Exercise goal —
Transcribe these records exactly, dropping every picture.

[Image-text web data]
Content starts

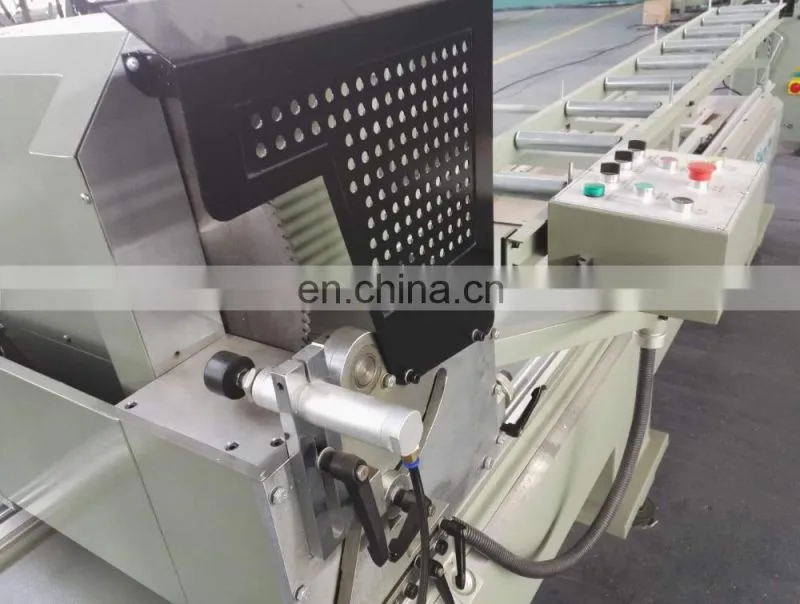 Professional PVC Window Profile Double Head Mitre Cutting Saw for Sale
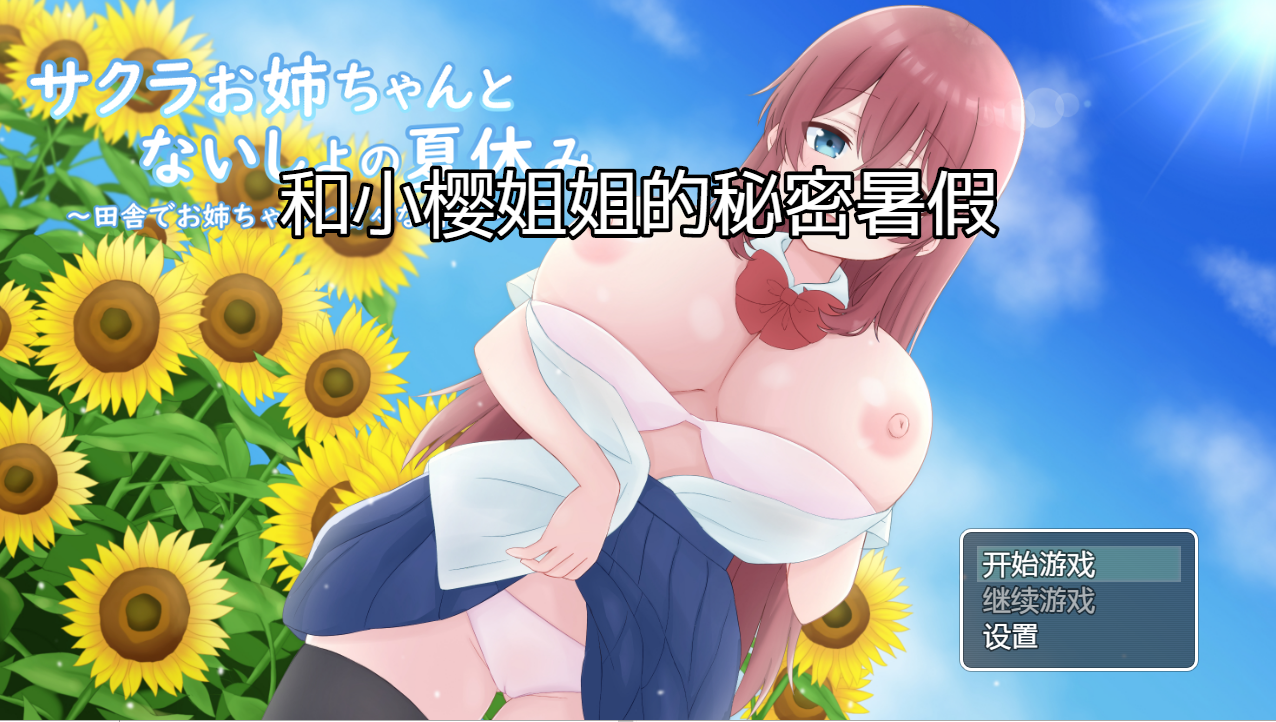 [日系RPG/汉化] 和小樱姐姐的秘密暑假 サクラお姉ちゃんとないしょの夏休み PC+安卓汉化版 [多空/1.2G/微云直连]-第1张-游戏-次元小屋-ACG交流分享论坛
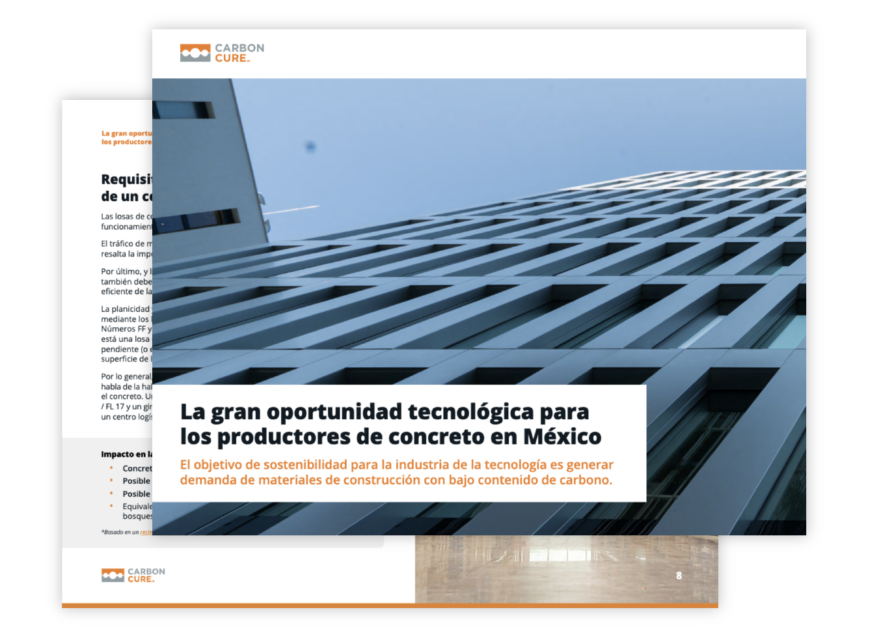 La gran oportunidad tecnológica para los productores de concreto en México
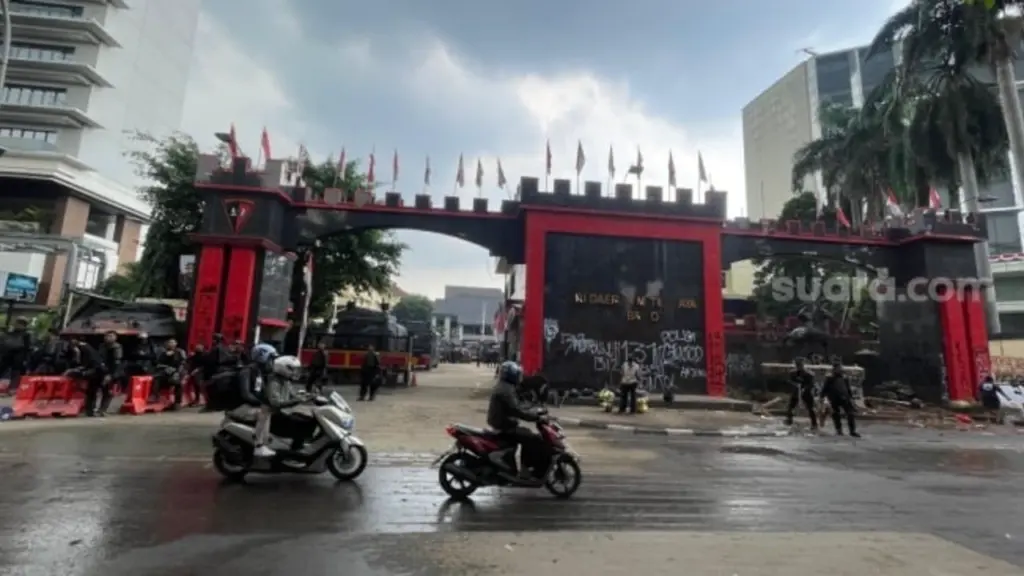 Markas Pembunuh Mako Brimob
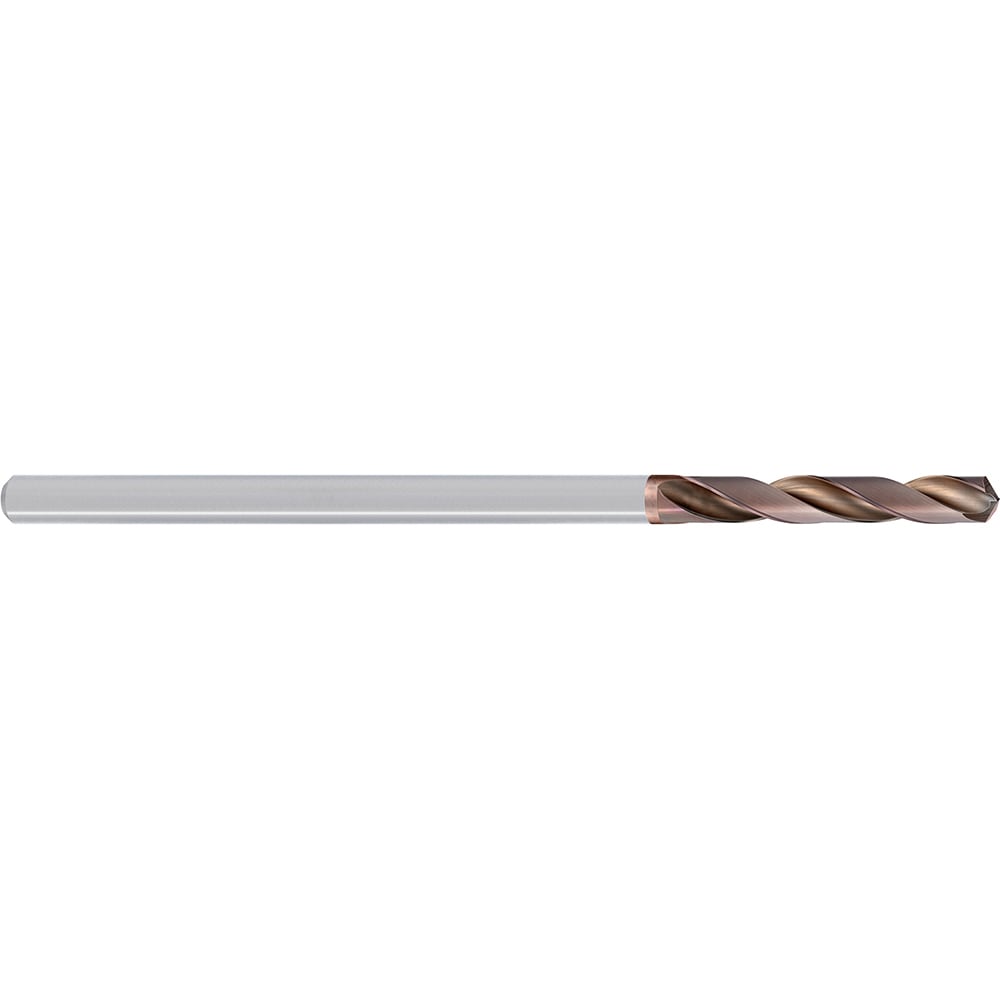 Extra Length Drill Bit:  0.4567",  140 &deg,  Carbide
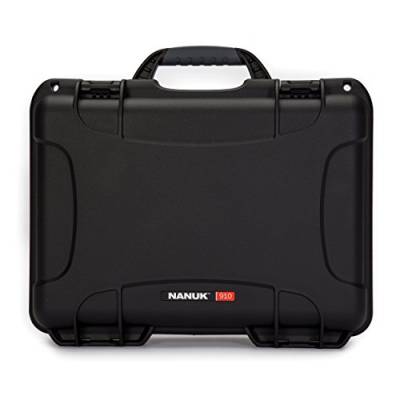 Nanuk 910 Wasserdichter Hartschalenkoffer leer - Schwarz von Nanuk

Content ends

Task result —
 Professional PVC Window Profile Double Head Mitre Cutting Saw for Sale
 [日系RPG/汉化] 和小樱姐姐的秘密暑假 サクラお姉ちゃんとないしょの夏休み PC+安卓汉化版 [多空/1.2G/微云直连]-第1张-游戏-次元小屋-ACG交流分享论坛
 La gran oportunidad tecnológica para los productores de concreto en México
 Markas Pembunuh Mako Brimob
 Extra Length Drill Bit:  0.4567",  140 &deg,  Carbide
 Nanuk 910 Wasserdichter Hartschalenkoffer leer - Schwarz von Nanuk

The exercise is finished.